From my pov this can be closed.

[errordeveloper]

Please keep in miss that the flag is '--temp-node-role-policies', as it is a temporary flag that will get moved to config file in a few releases.

On Thu, 24 Jan 2019, 5:56 am Michael Seiwald <notifications@github.com wrote:

Closed #237 https://github.com/weaveworks/eksctl/issues/237.

— You are receiving this because you were mentioned. Reply to this email directly, view it on GitHub https://github.com/weaveworks/eksctl/issues/237#event-2093566642, or mute the thread https://github.com/notifications/unsubscribe-auth/AAPWS5Kie2w-m-fSPOgugAxrlzZ49ZHBks5vGUsOgaJpZM4XJxUo .

[whereisaaron]

@errordeveloper a config file is good and I know @mumoshu prefers that, but there is also not much wrong IMHO with being able to set everything from a million options on the command line too.

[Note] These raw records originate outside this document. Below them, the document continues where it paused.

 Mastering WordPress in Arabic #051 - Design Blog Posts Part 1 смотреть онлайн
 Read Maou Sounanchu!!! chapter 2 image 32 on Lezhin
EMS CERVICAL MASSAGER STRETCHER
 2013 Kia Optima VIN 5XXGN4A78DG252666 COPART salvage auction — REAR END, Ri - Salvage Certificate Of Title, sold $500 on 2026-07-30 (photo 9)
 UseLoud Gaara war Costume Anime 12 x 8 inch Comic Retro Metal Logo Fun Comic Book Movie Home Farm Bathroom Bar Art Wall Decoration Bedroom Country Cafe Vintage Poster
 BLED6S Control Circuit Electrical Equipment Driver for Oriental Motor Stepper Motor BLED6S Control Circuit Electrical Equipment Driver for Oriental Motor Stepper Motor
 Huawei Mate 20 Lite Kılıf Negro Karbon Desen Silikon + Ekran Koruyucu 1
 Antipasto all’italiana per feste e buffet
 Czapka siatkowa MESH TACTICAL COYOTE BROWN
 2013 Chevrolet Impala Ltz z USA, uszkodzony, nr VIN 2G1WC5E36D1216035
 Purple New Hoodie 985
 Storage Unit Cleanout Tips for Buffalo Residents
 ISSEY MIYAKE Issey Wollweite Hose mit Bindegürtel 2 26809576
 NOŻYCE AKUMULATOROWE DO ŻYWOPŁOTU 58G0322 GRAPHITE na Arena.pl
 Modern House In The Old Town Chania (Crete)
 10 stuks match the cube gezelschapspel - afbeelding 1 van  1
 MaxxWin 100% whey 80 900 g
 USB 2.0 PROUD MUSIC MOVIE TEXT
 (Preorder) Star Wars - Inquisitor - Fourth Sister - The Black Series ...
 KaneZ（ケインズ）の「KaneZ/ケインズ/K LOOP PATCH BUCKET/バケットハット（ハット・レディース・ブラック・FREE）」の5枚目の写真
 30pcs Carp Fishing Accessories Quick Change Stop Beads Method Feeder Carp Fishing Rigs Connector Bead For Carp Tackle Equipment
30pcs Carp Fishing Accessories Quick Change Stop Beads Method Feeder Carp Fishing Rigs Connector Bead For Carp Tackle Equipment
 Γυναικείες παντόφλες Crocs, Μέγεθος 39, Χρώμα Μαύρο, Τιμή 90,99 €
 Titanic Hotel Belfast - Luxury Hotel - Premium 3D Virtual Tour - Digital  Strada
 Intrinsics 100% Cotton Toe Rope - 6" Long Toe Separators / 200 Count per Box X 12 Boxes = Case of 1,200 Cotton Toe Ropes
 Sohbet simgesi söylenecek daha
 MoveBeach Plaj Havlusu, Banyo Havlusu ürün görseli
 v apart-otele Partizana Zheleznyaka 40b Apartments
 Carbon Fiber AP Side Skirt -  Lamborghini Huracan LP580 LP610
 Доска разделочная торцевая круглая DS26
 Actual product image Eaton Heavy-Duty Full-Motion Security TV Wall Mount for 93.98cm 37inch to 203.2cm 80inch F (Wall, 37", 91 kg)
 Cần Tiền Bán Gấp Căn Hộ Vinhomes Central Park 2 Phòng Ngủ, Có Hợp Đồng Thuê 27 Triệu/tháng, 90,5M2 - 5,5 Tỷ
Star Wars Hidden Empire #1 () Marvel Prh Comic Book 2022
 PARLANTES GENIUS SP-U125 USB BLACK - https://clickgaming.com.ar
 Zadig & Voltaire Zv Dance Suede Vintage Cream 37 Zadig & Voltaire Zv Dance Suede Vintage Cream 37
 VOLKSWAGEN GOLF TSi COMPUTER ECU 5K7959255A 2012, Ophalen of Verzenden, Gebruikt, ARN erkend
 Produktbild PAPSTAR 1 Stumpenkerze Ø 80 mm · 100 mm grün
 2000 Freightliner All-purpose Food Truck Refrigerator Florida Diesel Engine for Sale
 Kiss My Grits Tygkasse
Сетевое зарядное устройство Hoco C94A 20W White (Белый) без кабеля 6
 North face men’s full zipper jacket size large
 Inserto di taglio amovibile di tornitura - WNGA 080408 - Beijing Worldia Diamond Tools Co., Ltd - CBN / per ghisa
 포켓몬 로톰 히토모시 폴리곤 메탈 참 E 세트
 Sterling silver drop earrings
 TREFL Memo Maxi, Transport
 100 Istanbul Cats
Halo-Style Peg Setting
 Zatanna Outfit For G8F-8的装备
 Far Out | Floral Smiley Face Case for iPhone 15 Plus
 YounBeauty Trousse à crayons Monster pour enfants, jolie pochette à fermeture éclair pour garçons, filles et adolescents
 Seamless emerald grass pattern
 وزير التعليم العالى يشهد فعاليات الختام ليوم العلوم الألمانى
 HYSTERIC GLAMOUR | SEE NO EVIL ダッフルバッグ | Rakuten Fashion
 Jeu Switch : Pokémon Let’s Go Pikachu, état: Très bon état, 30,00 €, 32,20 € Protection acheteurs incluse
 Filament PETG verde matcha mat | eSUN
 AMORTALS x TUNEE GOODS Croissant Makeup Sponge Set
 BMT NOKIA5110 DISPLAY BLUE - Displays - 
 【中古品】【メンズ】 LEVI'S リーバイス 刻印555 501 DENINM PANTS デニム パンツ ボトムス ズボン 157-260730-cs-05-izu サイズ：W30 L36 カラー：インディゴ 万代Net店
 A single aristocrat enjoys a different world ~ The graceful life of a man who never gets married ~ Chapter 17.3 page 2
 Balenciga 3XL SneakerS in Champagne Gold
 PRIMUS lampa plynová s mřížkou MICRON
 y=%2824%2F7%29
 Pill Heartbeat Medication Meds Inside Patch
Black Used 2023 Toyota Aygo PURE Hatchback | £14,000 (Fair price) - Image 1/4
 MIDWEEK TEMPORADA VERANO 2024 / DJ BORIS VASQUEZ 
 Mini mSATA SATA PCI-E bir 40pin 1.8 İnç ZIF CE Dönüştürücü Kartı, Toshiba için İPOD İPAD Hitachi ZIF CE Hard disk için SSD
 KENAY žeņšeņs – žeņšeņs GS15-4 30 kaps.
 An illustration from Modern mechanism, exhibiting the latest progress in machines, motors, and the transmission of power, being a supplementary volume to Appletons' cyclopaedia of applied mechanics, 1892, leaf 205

Gcloud tends to do this, and it is actually quite pleasant and fast and easy to work with and automate and version.

I'd actually prefer some sort of universal mapping between config and command line options, either from one of those uber CLI option mapping libraries or a --set x.y.z=foo approach like you get with helm; rather than taking away the command line option, just because there is an equivalent config file option. It's not critical, but that's my personal preference.

[ozbillwang]

The key point is to add iam policy AmazonSSMManagedInstanceCore to node instance profile, AWS will automatically install SSM agent to that nodes, if the nodes don't have ssm agent installed. No user-data required

It has been added with latest eksctl version and I can ssm agent connect directly to these worker nodes.

[cPu1]

The key point is to add iam policy AmazonSSMManagedInstanceCore to node instance profile, AWS will automatically install SSM agent to that nodes, if the nodes don't have ssm agent installed. No user-data required

It has been automatically added with latest eksctl version and I can ssm agent connect directly to these worker nodes.

Correct. The SSM agent is now baked in EKS AMIs, so eksctl now adds the AmazonSSMManagedInstanceCore policy by default.